- _WORK REQUEST_
As the answer, give exactly the lines of the records below from the one with "wild horses in" through the one with "-苏州河梦清园环保主题公园", ends included and pictures left out.

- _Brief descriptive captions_
-=-=-
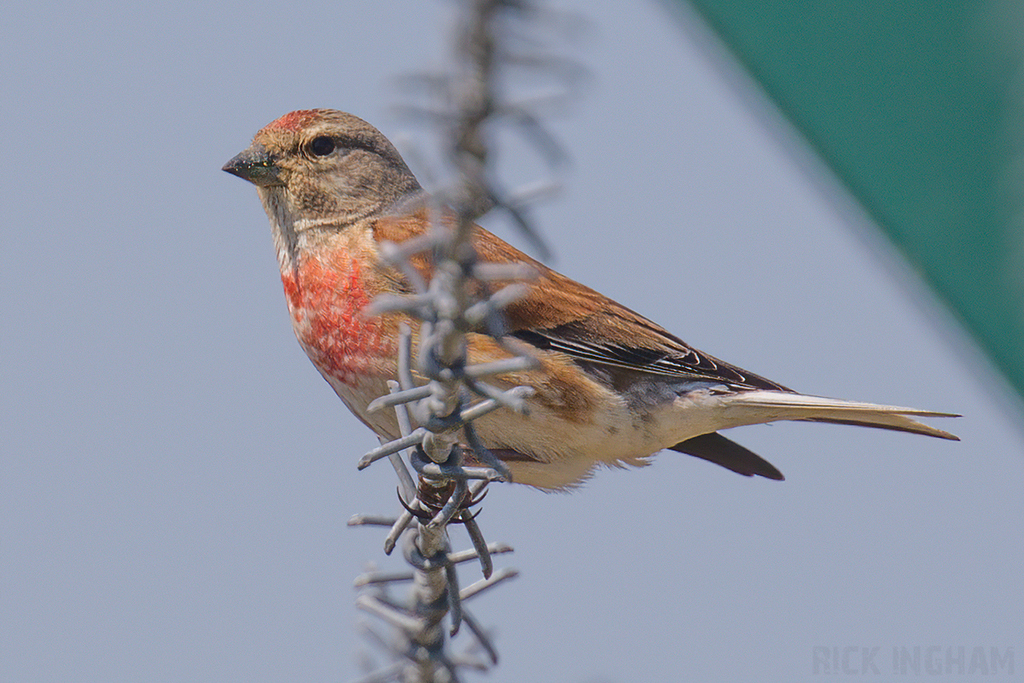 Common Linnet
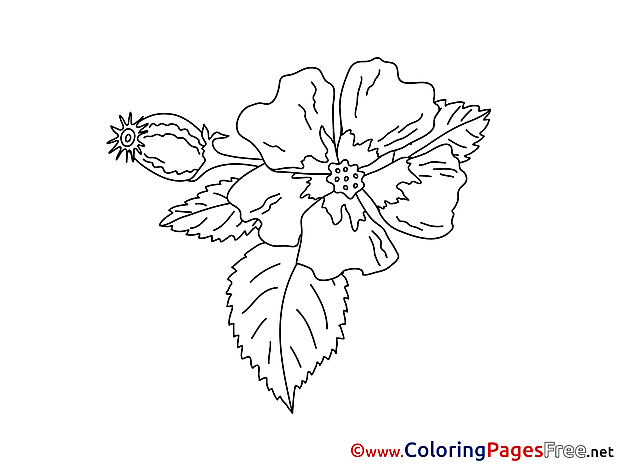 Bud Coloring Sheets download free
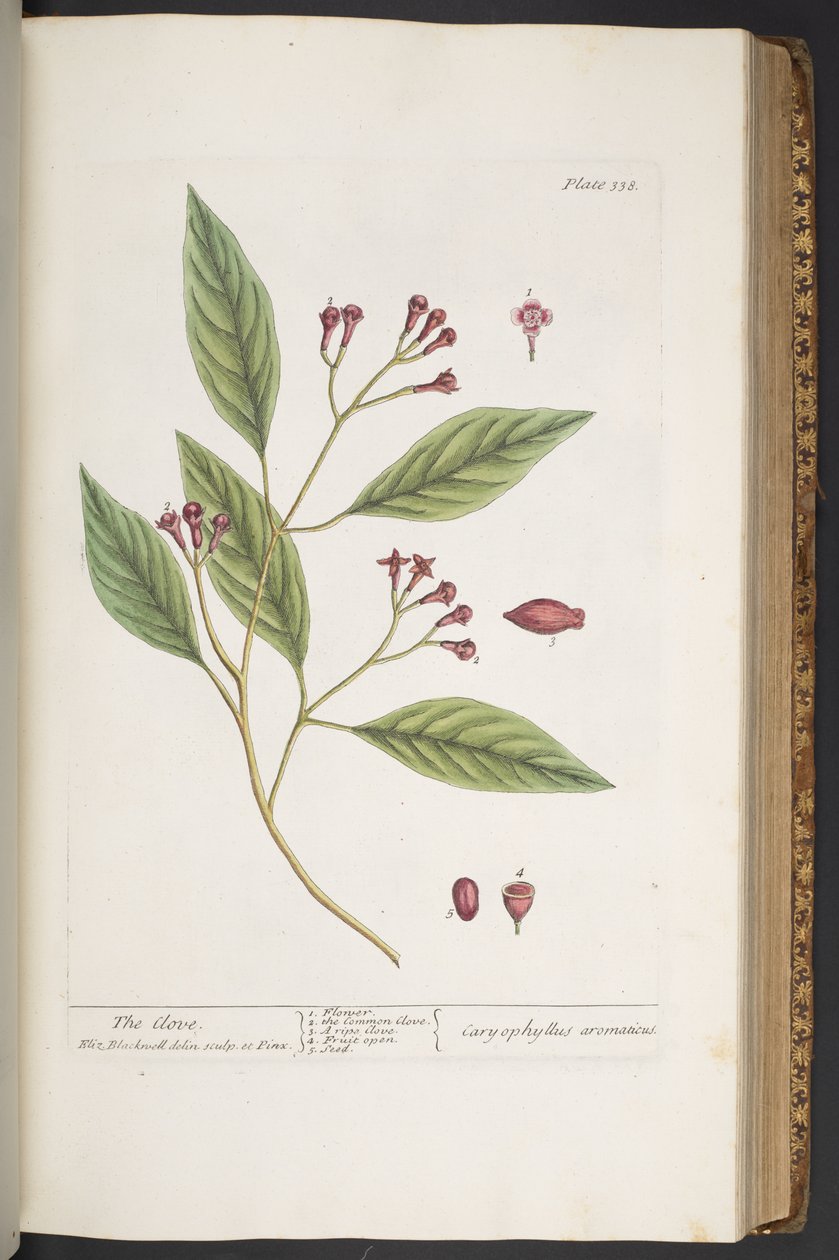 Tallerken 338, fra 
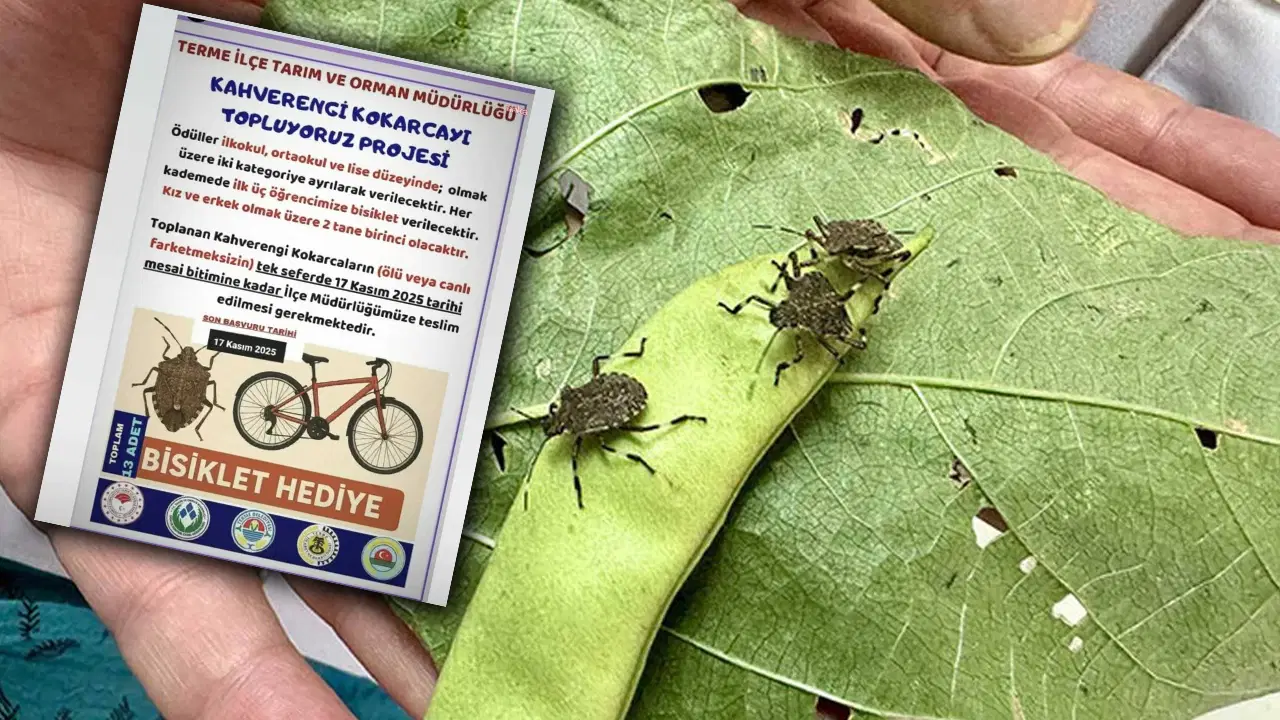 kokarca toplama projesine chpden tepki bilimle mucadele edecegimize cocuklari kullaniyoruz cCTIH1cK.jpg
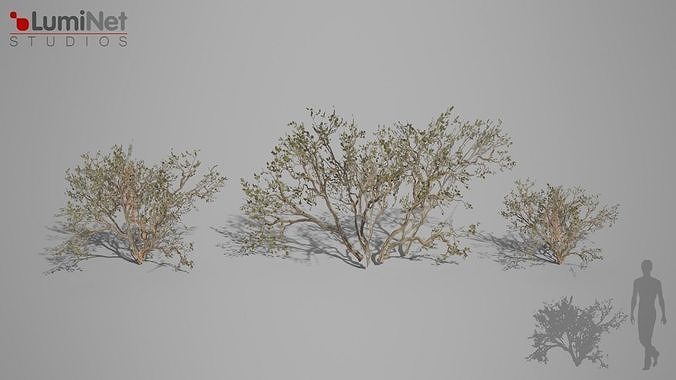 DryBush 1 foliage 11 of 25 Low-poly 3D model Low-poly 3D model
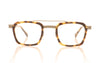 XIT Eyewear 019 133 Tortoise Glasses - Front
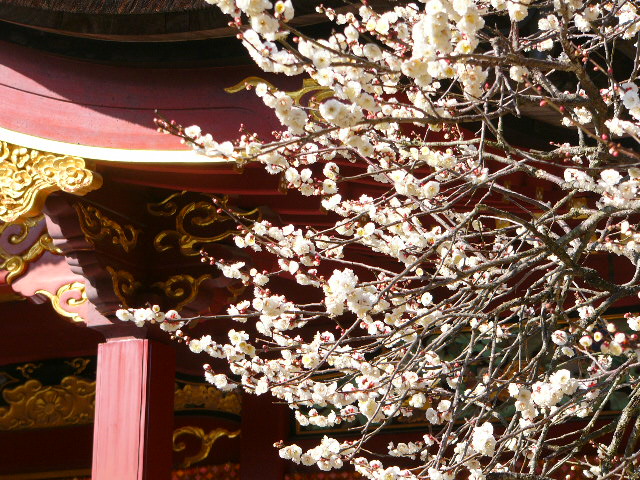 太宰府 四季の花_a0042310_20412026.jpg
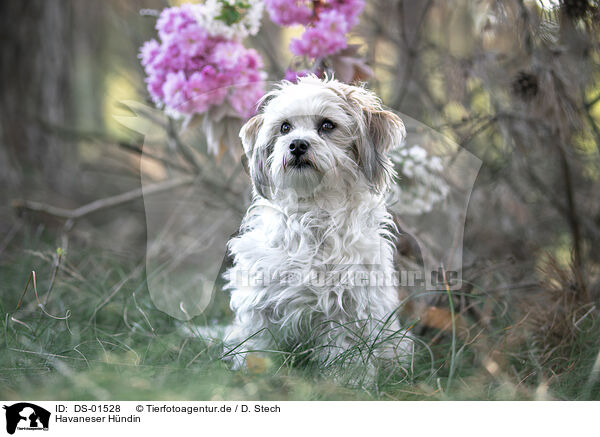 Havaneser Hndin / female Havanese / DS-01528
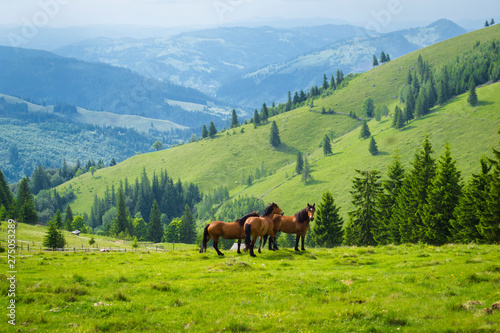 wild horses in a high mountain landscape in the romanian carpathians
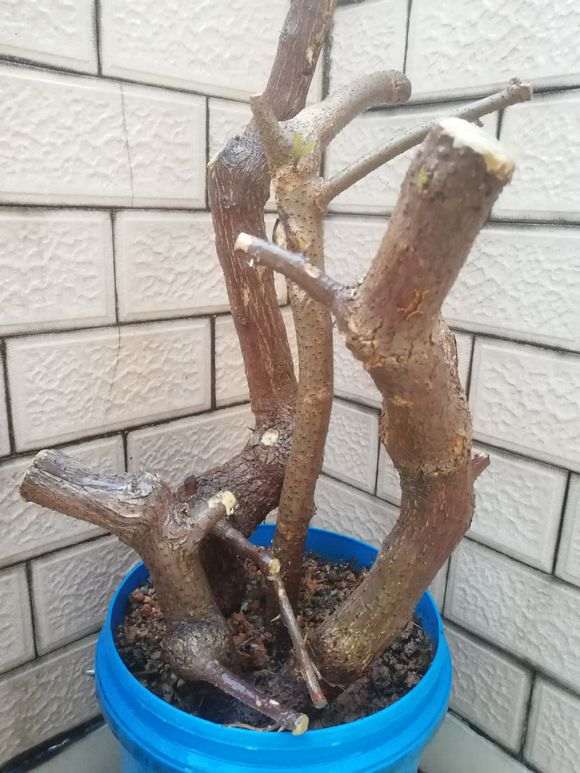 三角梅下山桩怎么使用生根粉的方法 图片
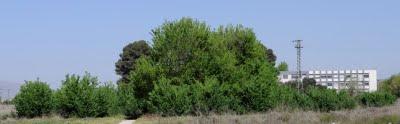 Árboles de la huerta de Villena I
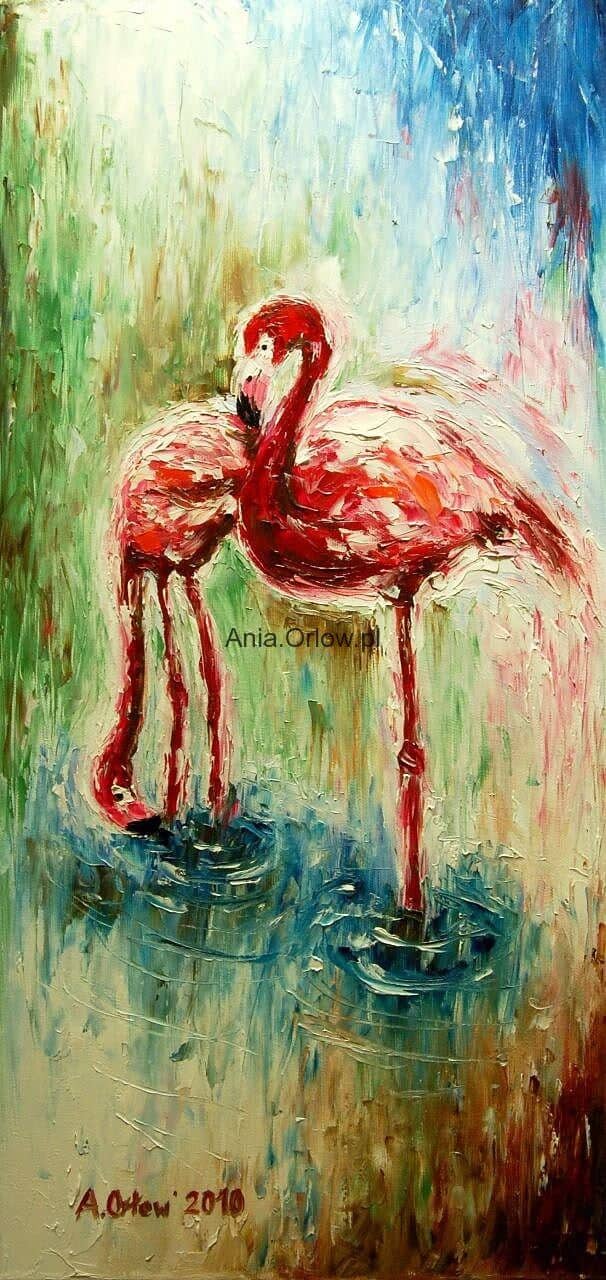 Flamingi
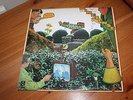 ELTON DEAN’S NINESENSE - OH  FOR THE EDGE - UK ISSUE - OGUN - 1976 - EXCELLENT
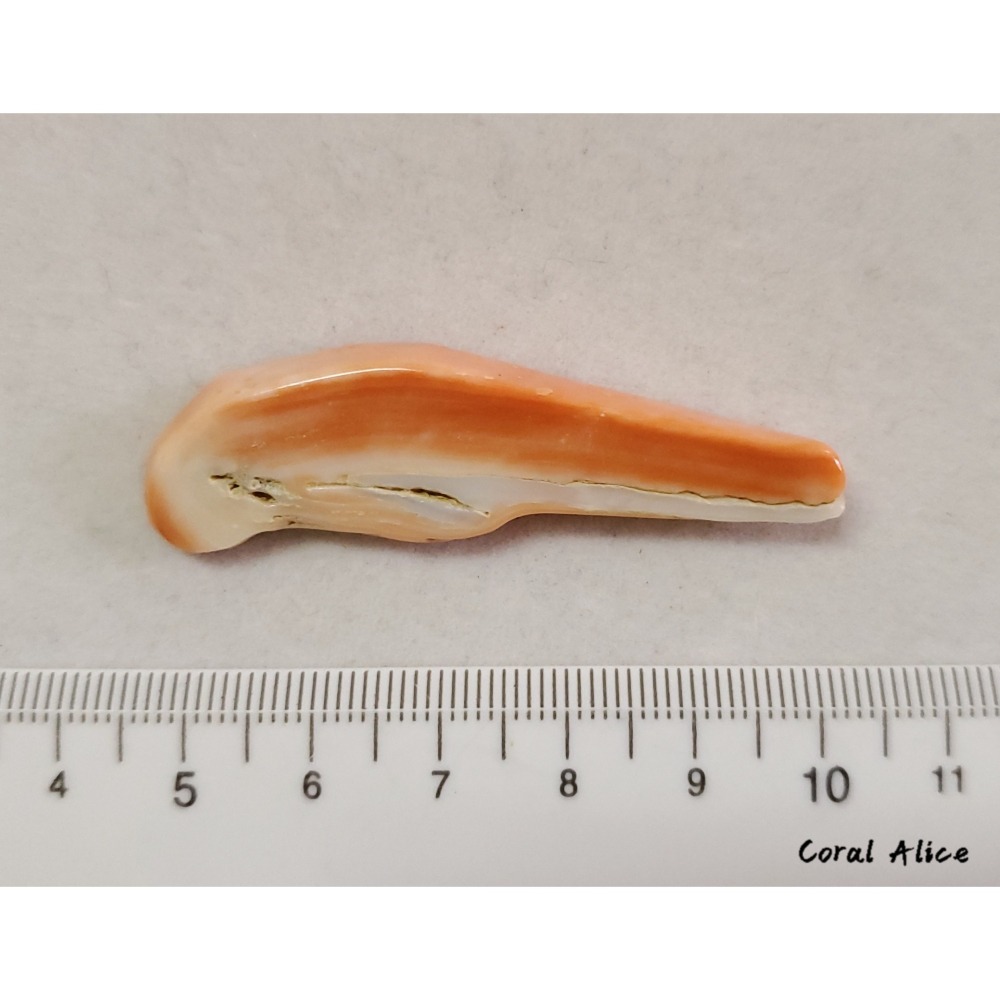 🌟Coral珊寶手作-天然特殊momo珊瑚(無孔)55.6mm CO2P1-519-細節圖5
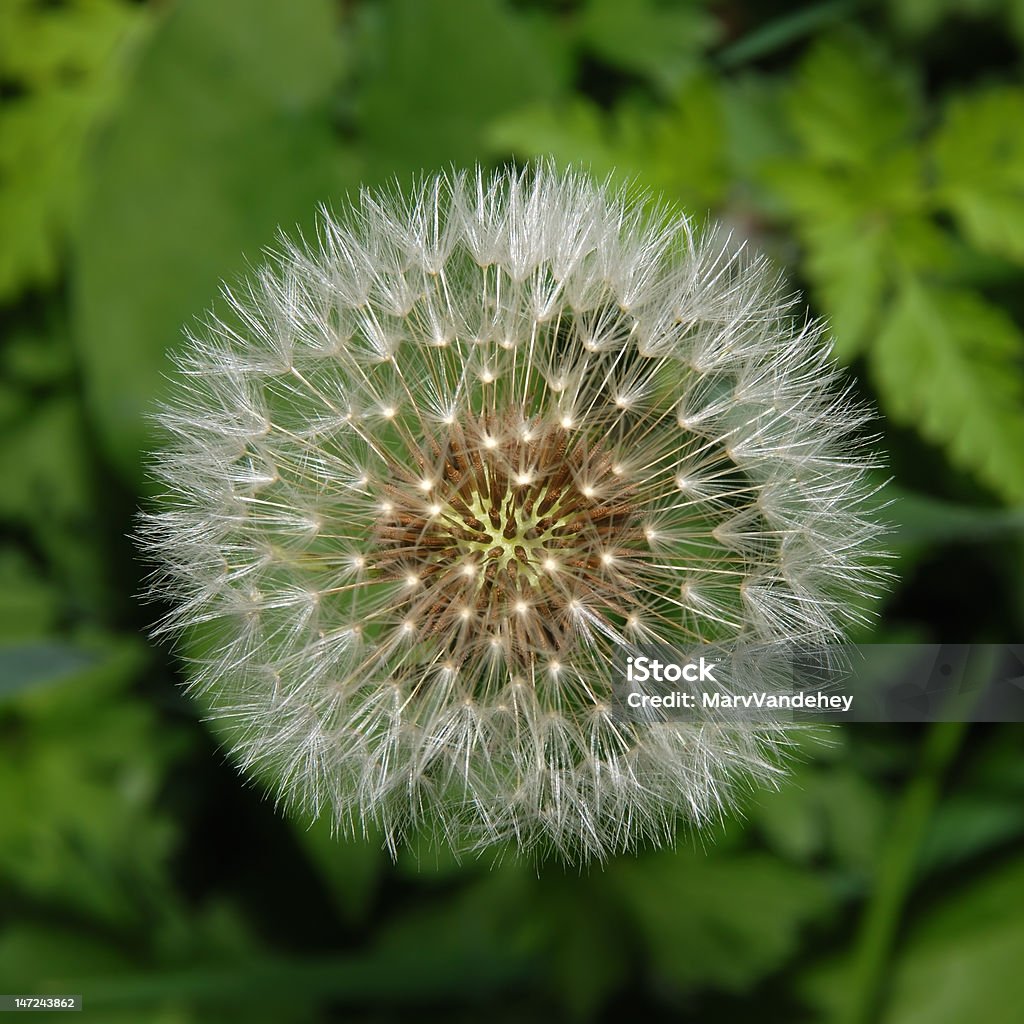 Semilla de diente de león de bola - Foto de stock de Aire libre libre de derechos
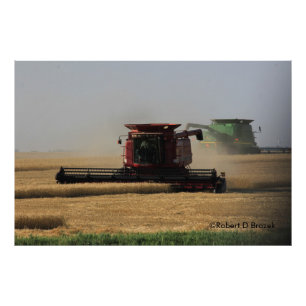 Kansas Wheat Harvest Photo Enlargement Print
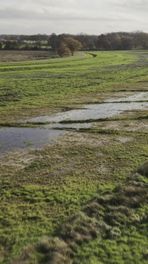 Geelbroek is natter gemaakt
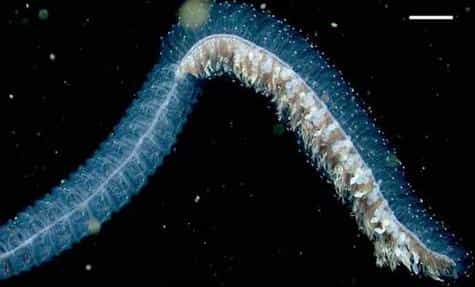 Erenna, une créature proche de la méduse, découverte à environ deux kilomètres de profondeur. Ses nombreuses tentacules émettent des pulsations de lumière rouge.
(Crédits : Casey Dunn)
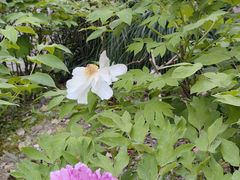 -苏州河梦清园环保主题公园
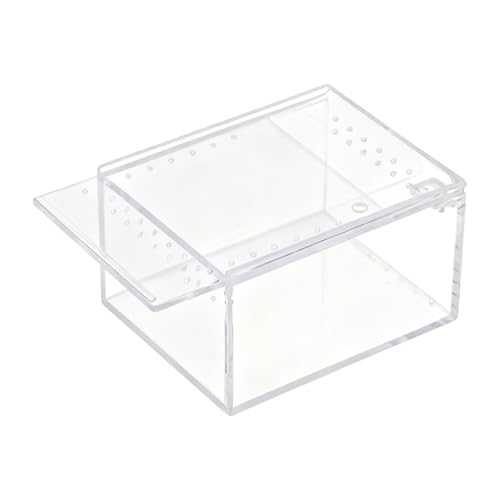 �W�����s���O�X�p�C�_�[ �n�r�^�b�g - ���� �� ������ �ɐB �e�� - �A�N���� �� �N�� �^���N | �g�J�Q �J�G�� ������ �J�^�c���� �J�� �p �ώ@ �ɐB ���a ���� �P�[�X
-=-=-
- _THE ANSWER_
 wild horses in a high mountain landscape in the romanian carpathians
 三角梅下山桩怎么使用生根粉的方法 图片
 Árboles de la huerta de Villena I
 Flamingi
 ELTON DEAN’S NINESENSE - OH  FOR THE EDGE - UK ISSUE - OGUN - 1976 - EXCELLENT
 🌟Coral珊寶手作-天然特殊momo珊瑚(無孔)55.6mm CO2P1-519-細節圖5
 Semilla de diente de león de bola - Foto de stock de Aire libre libre de derechos
 Kansas Wheat Harvest Photo Enlargement Print
 Geelbroek is natter gemaakt
 Erenna, une créature proche de la méduse, découverte à environ deux kilomètres de profondeur. Ses nombreuses tentacules émettent des pulsations de lumière rouge.
(Crédits : Casey Dunn)
 -苏州河梦清园环保主题公园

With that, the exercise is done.